Source material:
########################################

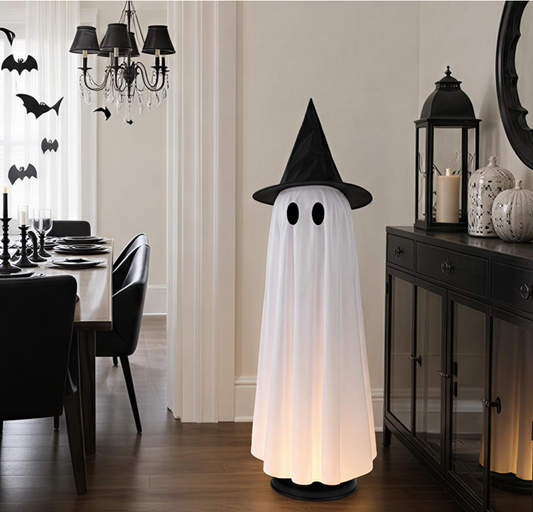 46.5" Animated Floating Ghost Halloween Decoration with Spooky Sound & Touch Sensor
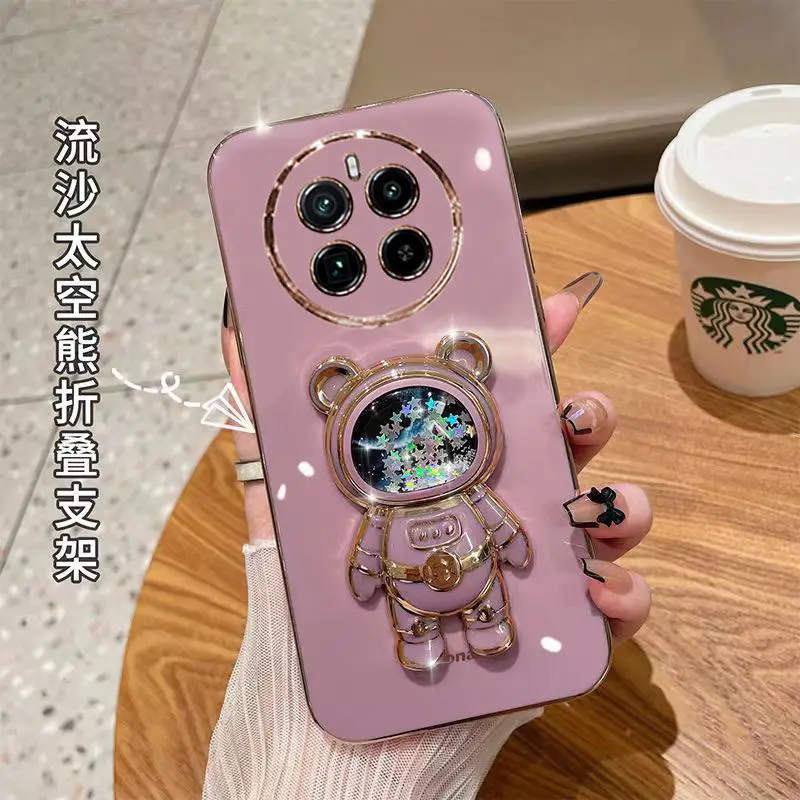 For Realme 12 Pro Plus Astronaut Quicksand Holder Phone Case For OPPO Realme 12 Pro+ 11 Pro Plating Stand Soft Silicone Cover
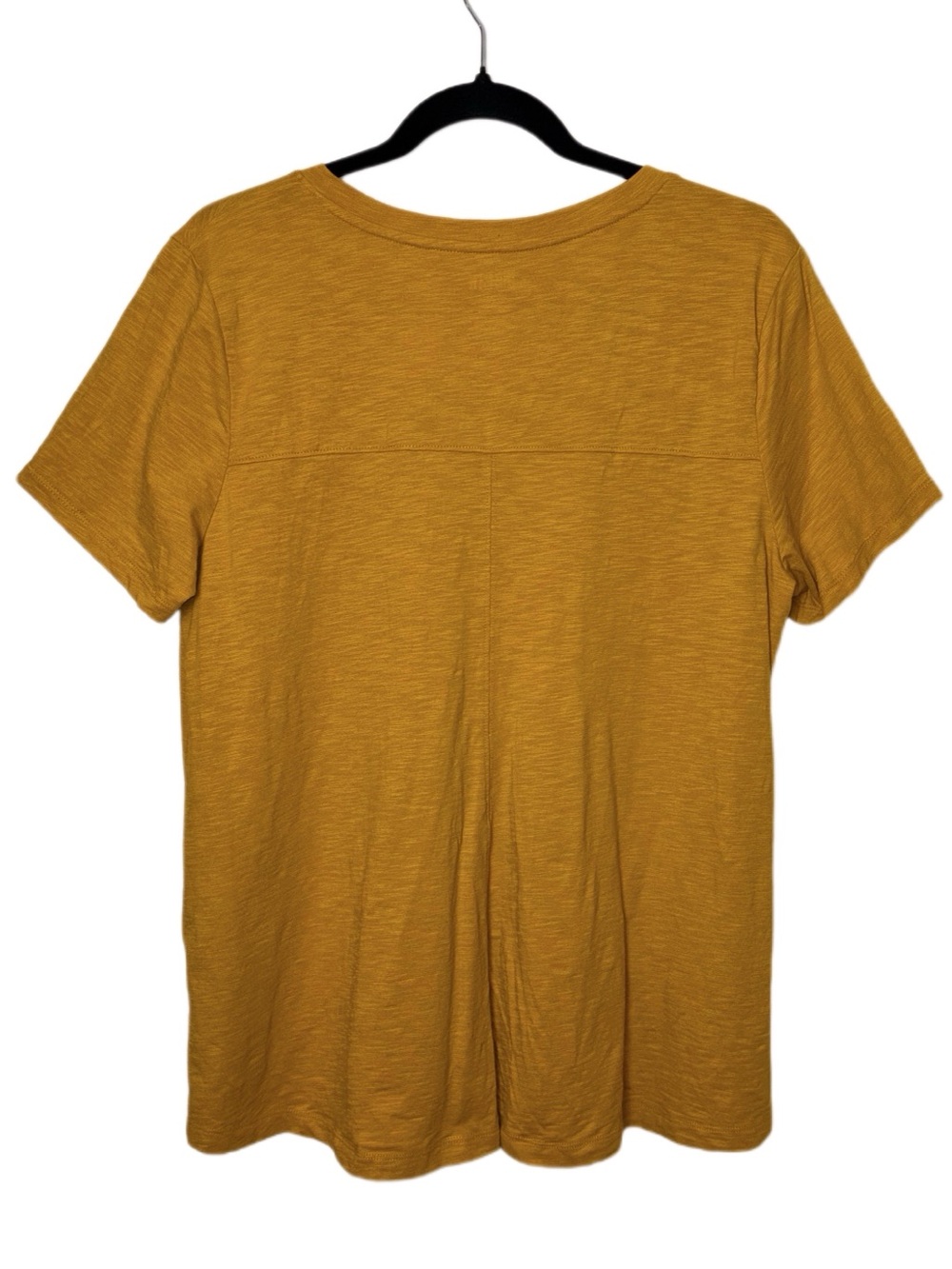 Duluth Trading Co. Mustard Yellow V-Neck Pocket Tee Shirt Woman's Size Large - Picture 2 of 13
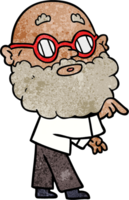 homme curieux de dessin animé avec barbe et lunettes png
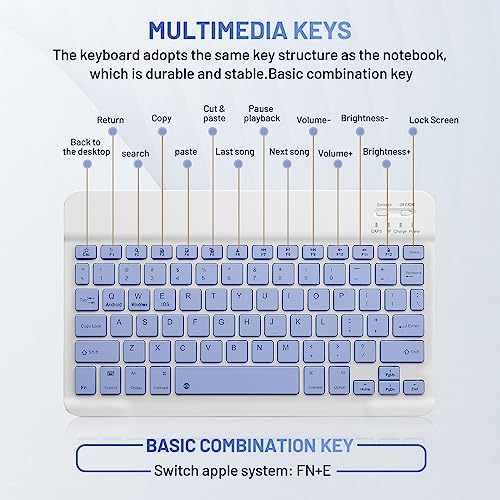 Guiheng Bluetooth Keyboard and Mouse Combo Rechargeable Portable Wireless Keyboard Mouse Set for Apple iPad iPhone iOS 13 and Above Samsung Tablet Phone Smartphone Android Windows (10 inch Purple) - Image 5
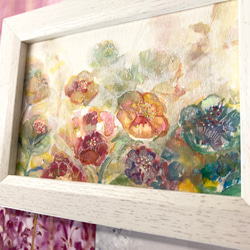 花畑猫　油彩画 原画　ミニ絵画　オリジナル　猫　花 花とネコ 紫陽花」 複製画 額付き 絵画 てんまだて しほ 通販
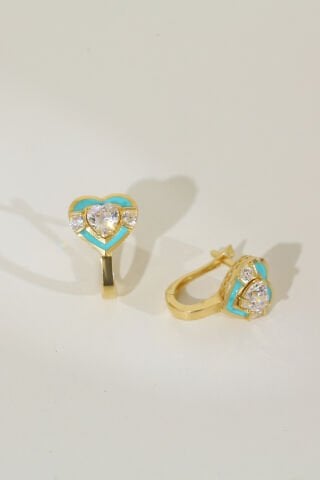 14 Ayar Altın Mavi Mineli Kalpli Taşlı Küpe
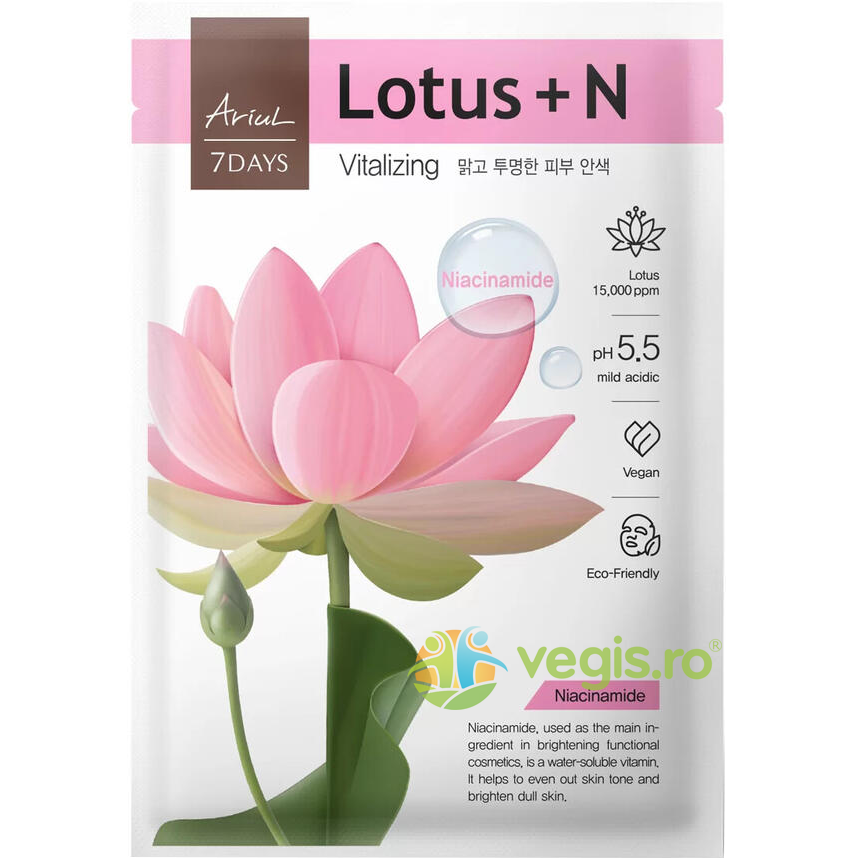 Masca cu Lotus si Niacinamide pentru Revitalizarea Tenului 7Days Plus 23ml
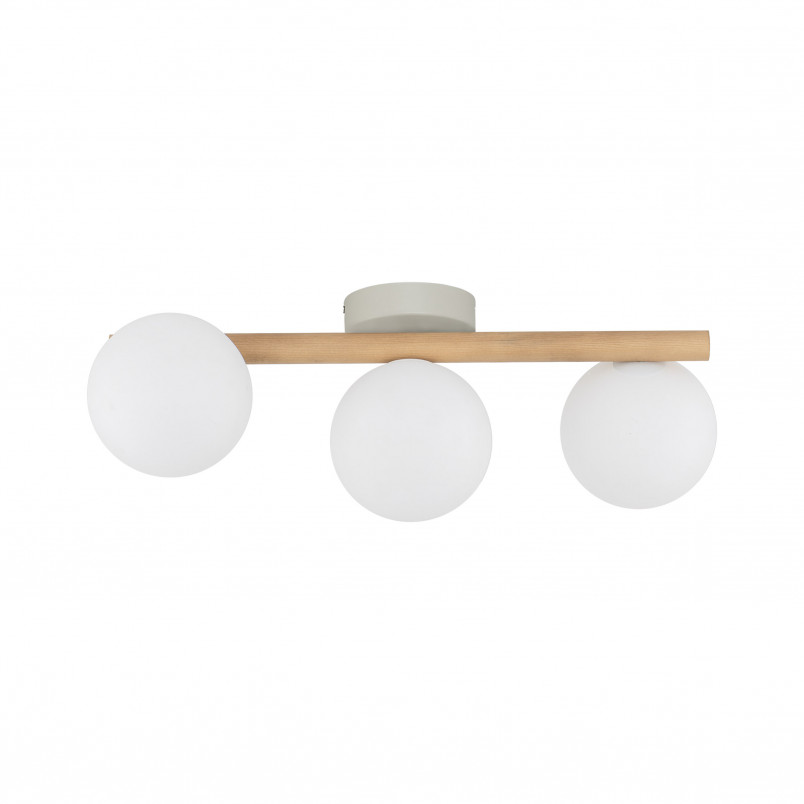 Plafon szklany 3 kule Estera biały / sosna TK Lighting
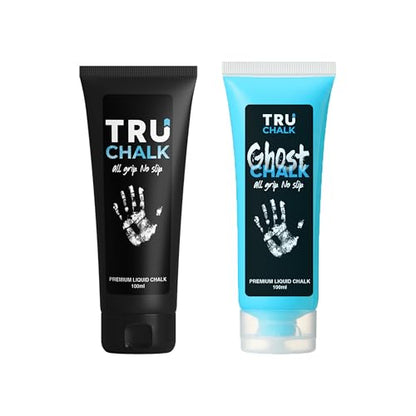 TruChalk TruCombo Duo Pack 100ml TruChalk + 100ml GhostChalk All Grip No Slip Liquid Chalk for Obstacles, Gymnastics, Rock Climbing, Crossfit, and Weightlifting.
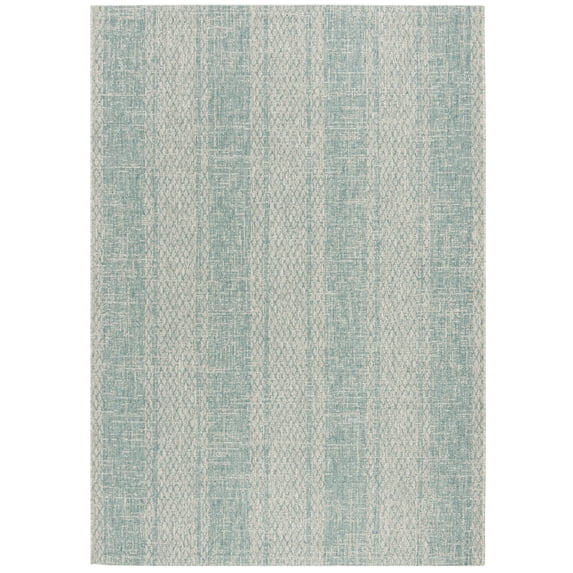 SAFAVIEH Courtyard Robert Striped Indoor/Outdoor Area Rug, Light Grey/Aqua, 5'3" x 7'7"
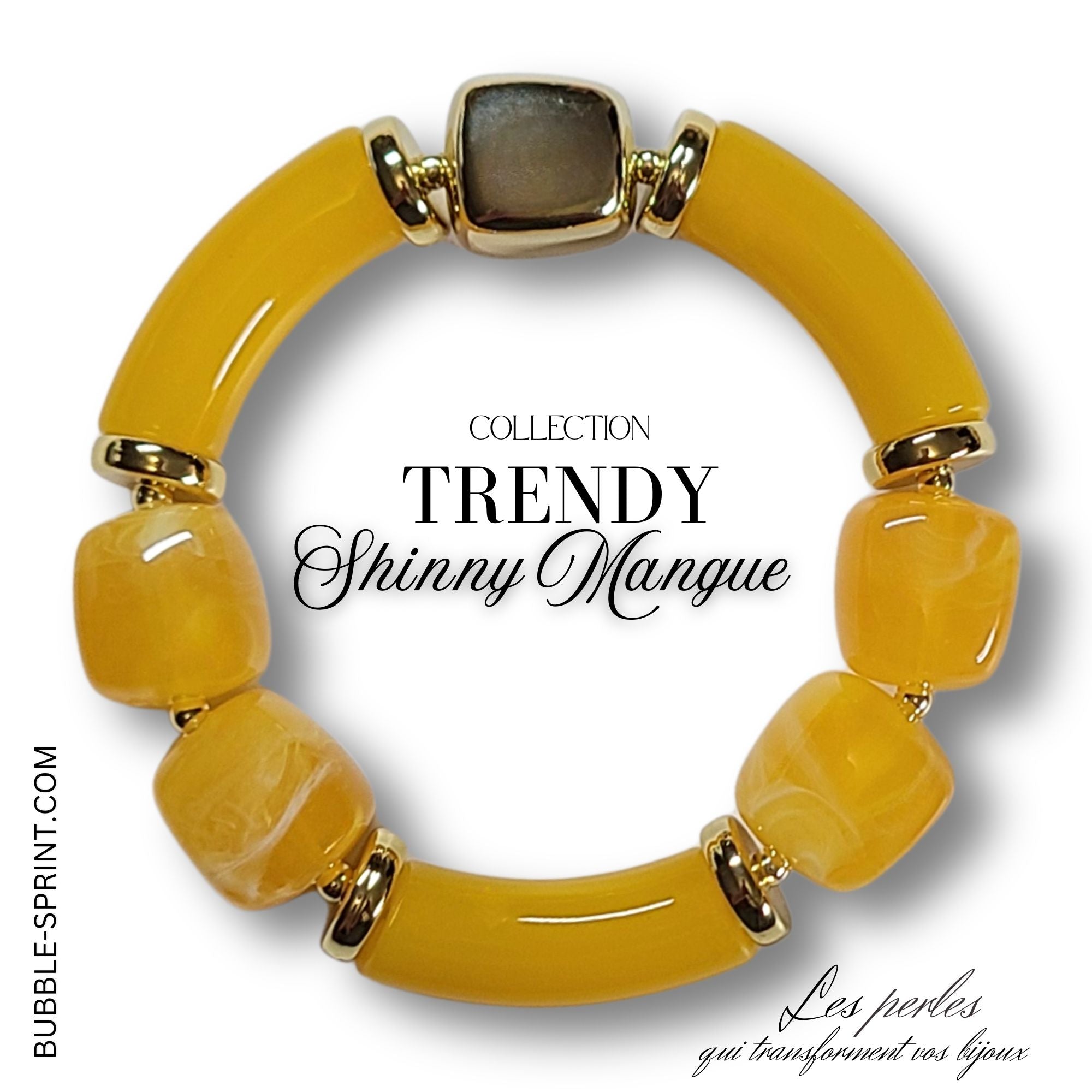 ARTSHOP Trendy Shinny Mangue kit bracelet perles orange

########################################

Task requirements: Output exactly the lines from the first line of the records through the line containing "TruChalk TruCombo Duo". Leave out every picture.

Response area:
 46.5" Animated Floating Ghost Halloween Decoration with Spooky Sound & Touch Sensor
 For Realme 12 Pro Plus Astronaut Quicksand Holder Phone Case For OPPO Realme 12 Pro+ 11 Pro Plating Stand Soft Silicone Cover
 Duluth Trading Co. Mustard Yellow V-Neck Pocket Tee Shirt Woman's Size Large - Picture 2 of 13
 homme curieux de dessin animé avec barbe et lunettes png
 Guiheng Bluetooth Keyboard and Mouse Combo Rechargeable Portable Wireless Keyboard Mouse Set for Apple iPad iPhone iOS 13 and Above Samsung Tablet Phone Smartphone Android Windows (10 inch Purple) - Image 5
 花畑猫　油彩画 原画　ミニ絵画　オリジナル　猫　花 花とネコ 紫陽花」 複製画 額付き 絵画 てんまだて しほ 通販
 14 Ayar Altın Mavi Mineli Kalpli Taşlı Küpe
 Masca cu Lotus si Niacinamide pentru Revitalizarea Tenului 7Days Plus 23ml
 Plafon szklany 3 kule Estera biały / sosna TK Lighting
 TruChalk TruCombo Duo Pack 100ml TruChalk + 100ml GhostChalk All Grip No Slip Liquid Chalk for Obstacles, Gymnastics, Rock Climbing, Crossfit, and Weightlifting.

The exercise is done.